Memang ada perbedaan di antara dua partai itu. PKS terlihat sangat terpukul. Dari survei-survei oleh lembaga independen, Hidayat selalu menjadi pilihan favorit masyarakat. Hal itu tentu melambungkan harapan. Sedangkan PAN, bahkan harus melalui babak yang sempat meretakkan partai tersebut. Bahkan, Amien Rais, tokoh utama partai ini, harus menelan ludahnya sendiri. Dia yang selama ini bersuara sangat keras terhadap Yudhoyono justru menjadi bumper Hatta untuk menghadapi Soetrisno Bachir, ketua umum PAN, yang memiliki aspirasi berbeda.

Setelah melalui drama yang menyesakkan, PAN akhirnya memutuskan untuk berkoalisi dengan Partai Demokrat (PD), sekaligus mengajukan Hatta sebagai cawapres. Kini, ironisnya, Hatta justru yang menjadi utusan Yudhoyono untuk menjelaskan kepada mitra koalisi tentang pilihan terhadap Boediono.

Kini, kita tunggu langkah apa yang akan dilakukan partai-partai mitra koalisi. Pertama, apakah berani keluar dari koalisi? Kedua, apakah sikap keras ini hanya untuk menaikkan posisi tawar agar bisa mendapat jatah yang lebih baik di kabinet? Ketiga, apakah ini hanya reaksi spontan belaka yang tidak terkontrol? Jika kita petakan, kita meragukan Partai Kebangkitan Bangsa (PKB) dan Partai Persatuan Pembangunan (PPP) menjadi bagian dari partai yang meradang. Jadi, hanya menyisakan PKS dan PAN.

Sampai pada babak ini, Yudhoyono benar-benar mengendalikan permainan politik. Tak satu pun partai dan tokoh politik yang tak bisa ia sentuh. Mengapa ia bisa memenang kan seluruh babak? Pertama, perolehan suara PD jauh diatas perolehan partai-partai lain. Kedua, popularitas dan elektabilitas Yudhoyono sangat jauh di atas pesaing-pesaingnya. Ketiga, Yudhoyono mengendalikan semua sumber daya dan sumber dana untuk menopang operasioperasi politiknya. Keempat, akses internasional yang kuat yang ia miliki. Kelima, kesabaran, strategi, komunikasi, dan keterampilannya dalam berpolitik melampaui lawan-lawannya. Semua ini membuat dirinya menjadi tiada tanding, tiada banding.

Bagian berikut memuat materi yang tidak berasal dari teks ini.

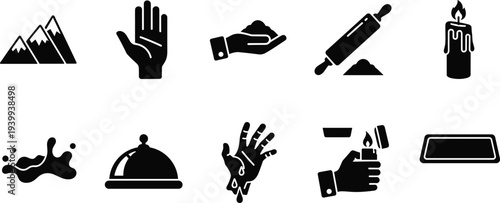 Cooking and kitchen icons set food preparation baking tools ingredients restaurant symbols chef equipment silhouette vector illustration collection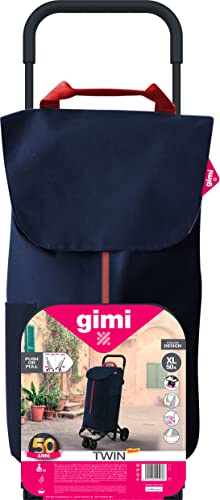 Gimi Twin Urban Azul Carro de la Compra, Fácil de Empujar y Llevar, 50 Litros de Capacidad de Carga, 39 x 52 x 95 cm, Azul, Grande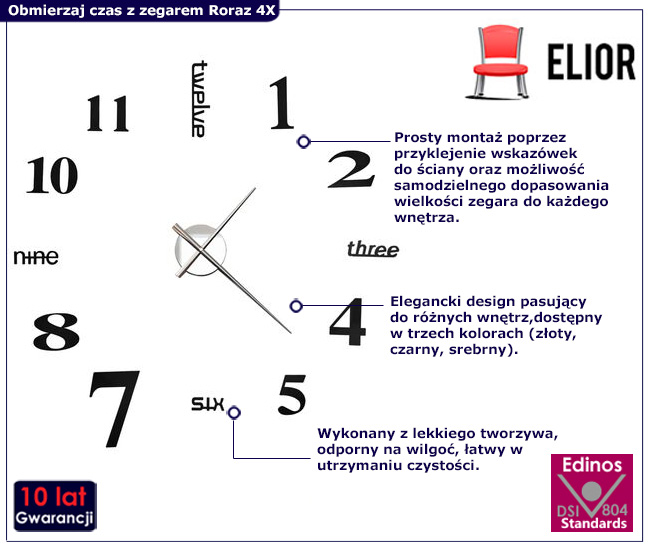 Czarny zegar na ścianę Enakia 4X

Apakah hal itu menjadikan pemilihan presiden nanti akan ia menangkan dengan mudah? Sampai saat ini, elektabilitasnya masih yang tertinggi. Namun, pilihannya terhadap Boediono bisa menjadi titik kritis tersendiri. Inilah babak yang harus segera ia menangkan. Jika PKS dan PAN keluar dari mitra koalisi, tentu merupakan kerugian besar. Bagaimanapun, terutama PKS, mereka memiliki mesin politik yang efektif dan memiliki sumber daya yang fanatik. Jika keduanya menyeberang ke lawan dan bisa menggunakan mesin serta sumber dayanya, lawan itu bisa mendapat durian runtuh. Setidaknya akan mendapat tambahan suara.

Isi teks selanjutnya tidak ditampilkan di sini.